Jan. 16, 2020 — The city of Fargo suffered a devastating fire on this day in 1907. The fire broke out in the basement of the Bristol-Sweet Harness Company at 117 Broadway and caused over $100,000 in damages.
The harness company sold and produced leather harnesses, sweat pads and collars in their downtown factory and salesroom. Fortunately, the full amount of the damage was covered by the company’s insurance policy.
Christ Ross, a shipping clerk at the factory, was the first to notice the fire. He was alarmed to find smoke issuing from the basement of the building when he arrived to work at 8:00 that morning.
Ross ran into the workrooms and shouted to the just-arrived workmen, “Pick up your tools, boys — she’s afire!”
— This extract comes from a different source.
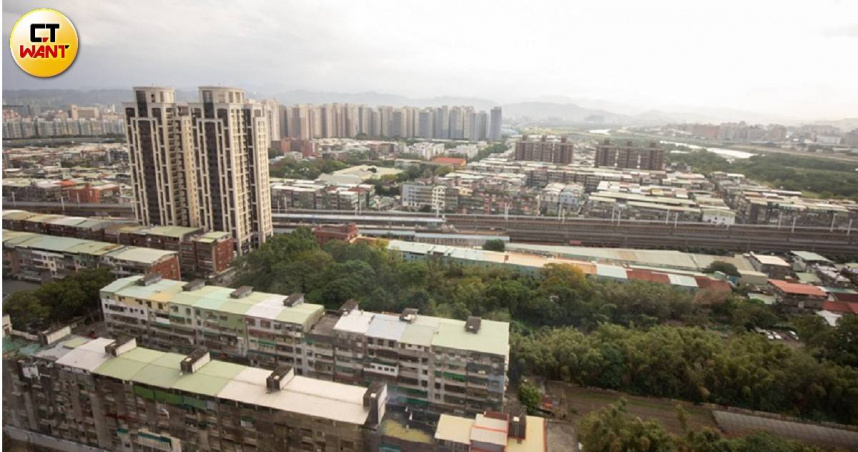 即起不動產業者交易成屋時，必須揭露太陽能光電發電設備與建築能效標示。（示意圖／CTWant攝影組）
The fire quickly spread throughout the entire basement of the building, and begin working its way up into the higher floors. Several of the company’s employees were forced to jump from the building’s windows, but were lucky enough to have large snow banks beneath to soften their falling a bit.
E. R. Twitchell, foreman of the harness room, escaped the fire by climbing to the roof of the building and jumping onto the roof of a neighboring building. Twitchell reported that the fire had broken out in carloads of sweat pads that had been stored in the basement.
The pads, being made of animal hair, cotton and burlap, were quite flammable. It was believed that electric wires had ignited the pads since repairs were being made to the basement’s electric lights earlier that morning.
Next door, occupants of an adjoining apartment building were hastily awakened and evacuated from their rooms; most emerged into the freezing air of the streets in their pajamas and carrying only their most precious belongings.
Fargo’s fire department quickly arrived to the scene and were met with difficulties of their own; the freezing temperatures caused problems with their water hoses, and caused a layer of ice to form on the men’s faces.
After fighting the blaze for over four hours, the firemen were finally able to extinguish the fire. Smoke and water damage affected the neighboring Ideal Theater and Ames Furniture Store, but the most devastating effects of the fire were fortunately contained within the Bristol building.
Most of the losses were in the form of equipment and leather supplies housed in the factory, but the Bristol Company was able to temporarily relocate to Moorhead, Minnesota for three weeks and continue business as usual.